RETURN apoc.text.upperCamelCase("Foobar");    // "Foobar"
RETURN apoc.text.upperCamelCase("Foo$$Bar");  // "FooBar"

使用 snakeCase 将字符串转换为蛇形命名法

RETURN apoc.text.snakeCase("test Snake Case"); // "test-snake-case"
RETURN apoc.text.snakeCase("FOO_BAR");         // "foo-bar"
RETURN apoc.text.snakeCase("Foo bar");         // "foo-bar"
RETURN apoc.text.snakeCase("fooBar");          // "foo-bar"
RETURN apoc.text.snakeCase("foo-bar");         // "foo-bar"
RETURN apoc.text.snakeCase("Foo bar");         // "foo-bar"
RETURN apoc.text.snakeCase("Foo  bar");        // "foo-bar"

使用 toUpperCase 将字符串转换为大写

RETURN apoc.text.toUpperCase("test upper case"); // "TEST_UPPER_CASE"
RETURN apoc.text.toUpperCase("FooBar");          // "FOO_BAR"
RETURN apoc.text.toUpperCase("fooBar");          // "FOO_BAR"
RETURN apoc.text.toUpperCase("foo-bar");         // "FOO_BAR"
RETURN apoc.text.toUpperCase("foo--bar");        // "FOO_BAR"
RETURN apoc.text.toUpperCase("foo$$bar");        // "FOO_BAR"
RETURN apoc.text.toUpperCase("foo 22 bar");      // "FOO_22_BAR"

Base64 解码与编码

以 base64 或 base64Url 编码或解码字符串

Base64 编码

RETURN apoc.text.base64Encode("neo4j") // bmVvNGo=

Base64 解码

RETURN apoc.text.base64Decode("bmVvNGo=") // neo4j

Base64 URL 编码

RETURN apoc.text.base64UrlEncode("https://neo4j.ac.cn/?test=test") // aHR0cDovL25lbzRqLmNvbS8_dGVzdD10ZXN0

Base64 URL 解码

RETURN apoc.text.base64UrlDecode("aHR0cDovL25lbzRqLmNvbS8_dGVzdD10ZXN0") // https://neo4j.ac.cn/?test=test

随机字符串

您可以通过调用 apoc.text.random 并提供长度参数和可选的有效字符字符串来生成指定长度的随机字符串。

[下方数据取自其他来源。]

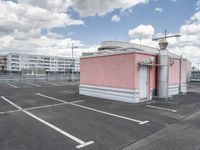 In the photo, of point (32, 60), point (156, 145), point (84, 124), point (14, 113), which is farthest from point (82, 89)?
point (32, 60)

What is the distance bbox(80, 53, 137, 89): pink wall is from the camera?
370 inches

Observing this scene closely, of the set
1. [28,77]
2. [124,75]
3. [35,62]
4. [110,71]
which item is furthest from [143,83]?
[35,62]

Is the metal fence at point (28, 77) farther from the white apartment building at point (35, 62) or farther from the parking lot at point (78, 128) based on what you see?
the white apartment building at point (35, 62)

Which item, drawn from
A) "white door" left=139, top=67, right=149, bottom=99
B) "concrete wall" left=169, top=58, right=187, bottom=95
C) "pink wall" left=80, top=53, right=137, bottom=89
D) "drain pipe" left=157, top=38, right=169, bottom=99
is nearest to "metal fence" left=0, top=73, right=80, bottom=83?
"pink wall" left=80, top=53, right=137, bottom=89

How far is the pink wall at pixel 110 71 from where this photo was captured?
941cm

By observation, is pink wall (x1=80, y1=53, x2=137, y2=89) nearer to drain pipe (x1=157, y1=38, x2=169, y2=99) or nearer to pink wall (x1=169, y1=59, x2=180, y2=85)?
drain pipe (x1=157, y1=38, x2=169, y2=99)

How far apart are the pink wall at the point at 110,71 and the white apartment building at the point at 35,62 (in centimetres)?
5781

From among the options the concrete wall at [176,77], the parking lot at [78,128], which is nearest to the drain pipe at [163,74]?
the concrete wall at [176,77]

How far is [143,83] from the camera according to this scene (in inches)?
387

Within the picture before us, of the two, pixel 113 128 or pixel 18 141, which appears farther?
pixel 113 128

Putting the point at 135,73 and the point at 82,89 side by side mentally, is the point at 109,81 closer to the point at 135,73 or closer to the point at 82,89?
the point at 135,73

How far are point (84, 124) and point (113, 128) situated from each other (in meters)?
1.02

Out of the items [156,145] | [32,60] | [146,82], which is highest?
[32,60]

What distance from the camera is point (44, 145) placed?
3848 mm
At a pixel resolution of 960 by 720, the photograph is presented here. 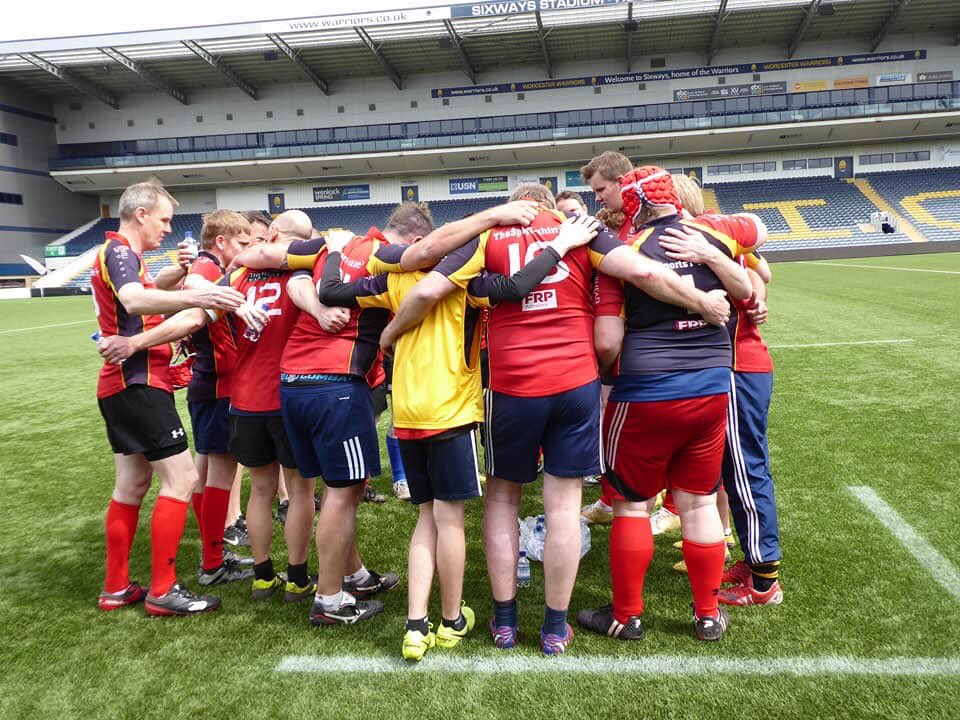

valid 参数将接受以下正则表达式模式，或者您可以提供一个字母和/或字符的字符串。

模式

描述

A-Z

大写字母 A-Z

a-z

小写字母 A-Z

0-9

数字 0-9（包含）

以下调用将返回一个随机字符串，其中包含大写字母、数字以及 . 和 $ 字符。

RETURN apoc.text.random(10, "A-Z0-9.$")

哈希函数

apoc.util.sha1([values])

计算列表中所有字符串值连接的 SHA1 值

apoc.util.md5([values])

计算列表中所有字符串值连接的 MD5 值